Prezident Markon’s Singles Round-Up (Tim Bernardes, Amai Kuda et Les Bois, Bruno Berle, Afro-Andean Funk, Sessa and more)

By 26 May, 2022

The flies, the damnable flies! It’s too darn hot here in rural France – but at least I can take myself off to the nearby river with a good book and an MP3 player primed with promos. There’s plenty of fine new singles from the Latin world to freshen things up, even if this month there’s an apparent glut of goodies from Brazil.


Tim Bernardes “Nascer Vivier Morrer”

We’ll start with a pair of delicacies from a Latin Grammy-nominated Paulistano. This singer, songwriter and producer has collaborated with a host of golden greats, including Fleet Foxes, David Byrne and Gal Costa. His first single from his second solo album, due out in September, is a meditation on the miracle of existence. If anything the B-side, “BB (Garupa de Moto Amarela)” is even better. Together they conjure up a feeling of Seu Jorge sitting aboard Steve Zissou’s boat singing acoustic versions of David Bowie songs in Wes Anderson’s marvellous The Life Aquatic.


Bruno Berle “Quero Dizer”

Still very much in the “realm of affections” – to translate the forthcoming album on Far Out Recordings, No Reino Dos Afetos, by a young poet, composer and multi-instrumentalist from Brazil’s east coast – comes this understated example of his artistic “desire to find beauty”. It sways along gently like a soft breeze, with guitar and kalimba colouring Berle’s filigree vocal – then stops with a jolt, just as your eyes are beginning to… get… heavy… and…


Sessa “Canção Da Cura”

Where was I? Who am I? Ah yes… Sessa: another minstrel in search of ecstasy. Back in March, I highlighted another slice of “new tropicalia” from the rather delicious album due in June, Estrela Acesa. If not quite so ethereal as the preceding “Gostar do Mundo”, the second single still makes for a mesmerising two-and-a-half minutes. The backing of acoustic guitars and softly-spoken percussion conjures up Tiganá Santana, while Sessa’s beautiful lead vocal is echoed by a female chorus to gorgeous effect.


Daniel Villareal “Patria”

Someone else featured in March was this Panamanian-born drummer, making waves on the contemporary Chicago jazz scene. It’s the third single taken from the album Panamá 77 and one of a pair of songs that veers away from a jazz trajectory to explore the Latin folk influences from Villareal’s native Central America. A classic song in Panama, the track was conceived as a tribute to its composer, the organist Avelino Muñoz. Son of a father who was also an accomplished organist, the younger Villareal describes it “as a pulsing hypnotic waltz like a romantic dream of love.” I couldn’t have put it more concisely myself.


Jose Conde “Dale Pa ‘Ya”

I love this – video and song. With its riff vaguely reminiscent of Deee-Lite’s “Groove Is In The Heart”, this frothy confection was inspired by two dogs: George Clinton’s atomic creature and the singer’s own mutt. Señor Conde describes the song as “an absurd mantra to empower those who need to exorcise demons or ex-lovers, gun freaks, or any other bad energy.” It comes from the ex-Ole Fresca band member’s second solo album, Souls Alive in the 305, which is out this month. The Cuban expat, based between Brooklyn and Miami, explains that “Dale Pa ‘Ya” means “Get over there!” Zero bad energy when you spin this one.

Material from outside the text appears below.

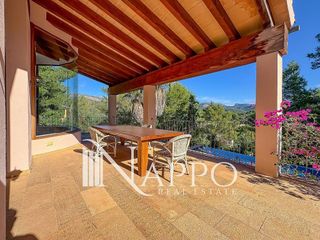 Chalet en alquiler en Esporles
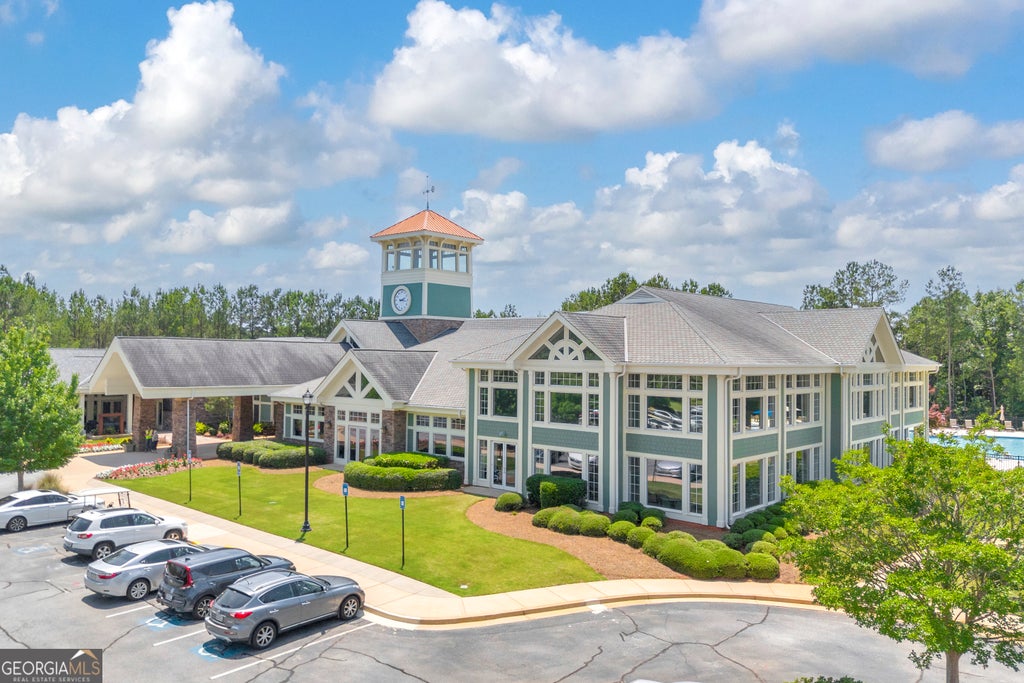 Photo of 1010 Southern Pine Road, Greensboro, GA 30642 (MLS # 10784737)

Amai Kuda et Les Bois “Eshu”

While in North America… Amai Kuda is a vocalist with Afro-Caribbean roots based in Toronto. She prefers the term “movement” to describe her group, embracing perhaps the Nigerian animators, Spoof Animation, who created the accompanying video. The “trickster” Orisha, Eshu, is the messenger between humans and the Yoruba deities, and the single from their album EmUrgency! calls upon him to transform negative into positive. There’s a hint of Amai Kuda’s Trinidadian origins and the island’s indigenous soca in a genre-defying musical mix that has inspired such positive epithets as “earthy”, “rootsy” and “good for your ears”.


Afro-Andean Funk “Aqua del Olvido”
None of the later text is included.